A few hundred yards away, across the bridge dividing Kosovo's second city,
local Serbs were angry. For the first time since Nato-led peacekeepers entered
Kosovo in the summer, a British Warrior armoured vehicle had appeared on their
side of the Ibar river. Its commander explained that he was on attachment to
the French element of KFOR, which is headquartered in Mitrovica and has
"solved" the problem of ethnic tensions by closing the bridge over the Ibar
river to keep the two communities apart.
Without an interpreter, however, he could not calm the crowd, which was
circulating wild rumours of an imminent British attack and threatening to kill
the crew if they did not move on. Senior French officers, Italian carabinieri
and a red-and-white "Coca Cola" vehicle of the United Nations police were all
drawn in by the confrontation.
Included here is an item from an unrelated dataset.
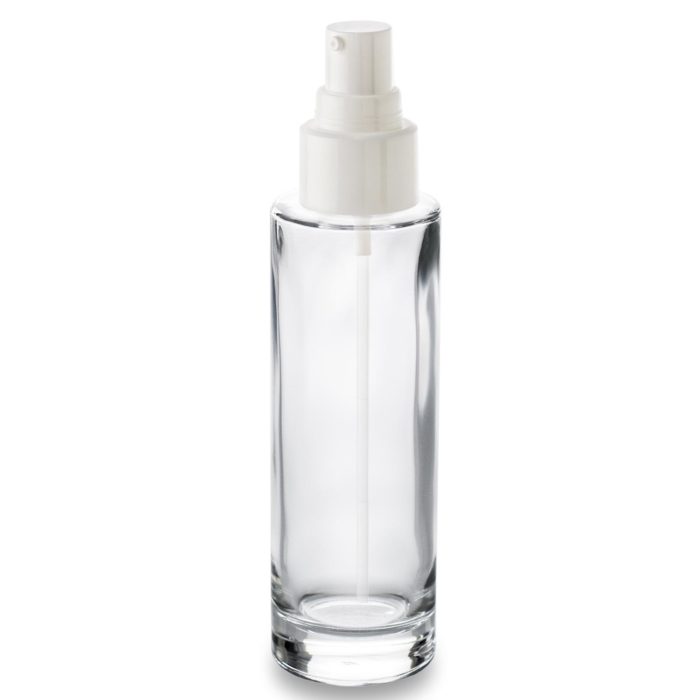 Flacon verre 150 ml et sa pompe buse blanc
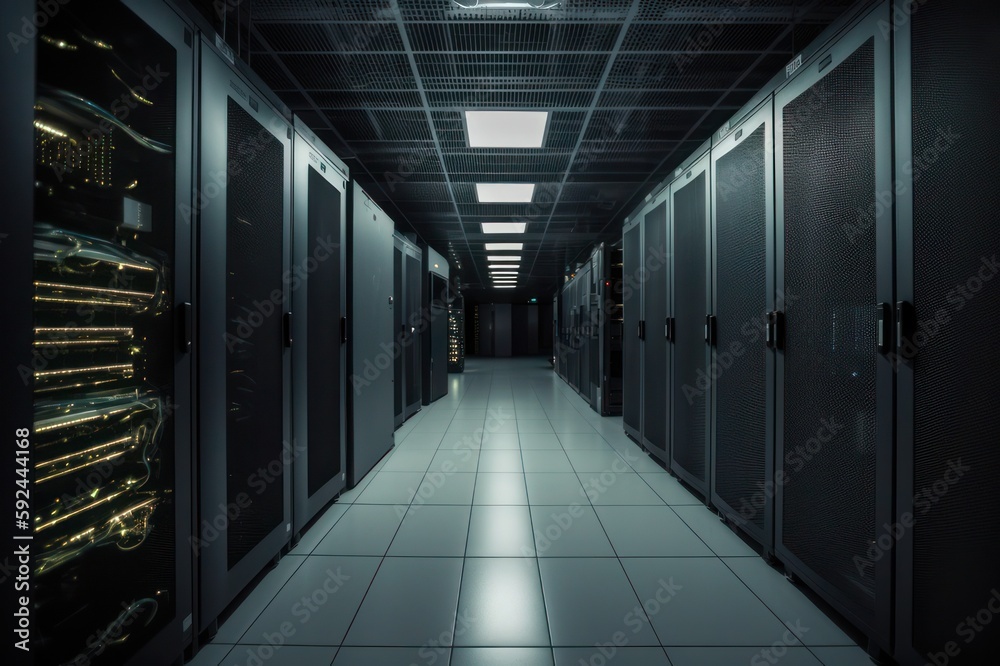 Data center equipment and servers engaged in the action of powering up, with the context of a technological workspace Data center equipment and servers engaged in the action of powering up, with the context of a technological workspace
From their headquarters in Mitrovica's tallest
building, next to the bridge, officials of the United Nations Mission in Kosovo
(Unmik) would have been able to see what was happening, but the incident, like
many in Kosovo, dragged on noisily, messily and without resolution.
For Dr Rexhepi the lesson was obvious. "Unmik must impose its authority here,"
he said, and it was clear that he meant the whole of Kosovo, not just
Mitrovica. "If the UN people simply administer this place on paper and try to
act as mediators, they encourage extremists on both sides to make more demands.
Unmik is very anxious to have a success in Kosovo, but all we can see is
dithering."
In the rest of Kosovo the problem is different, but the UN is again criticised.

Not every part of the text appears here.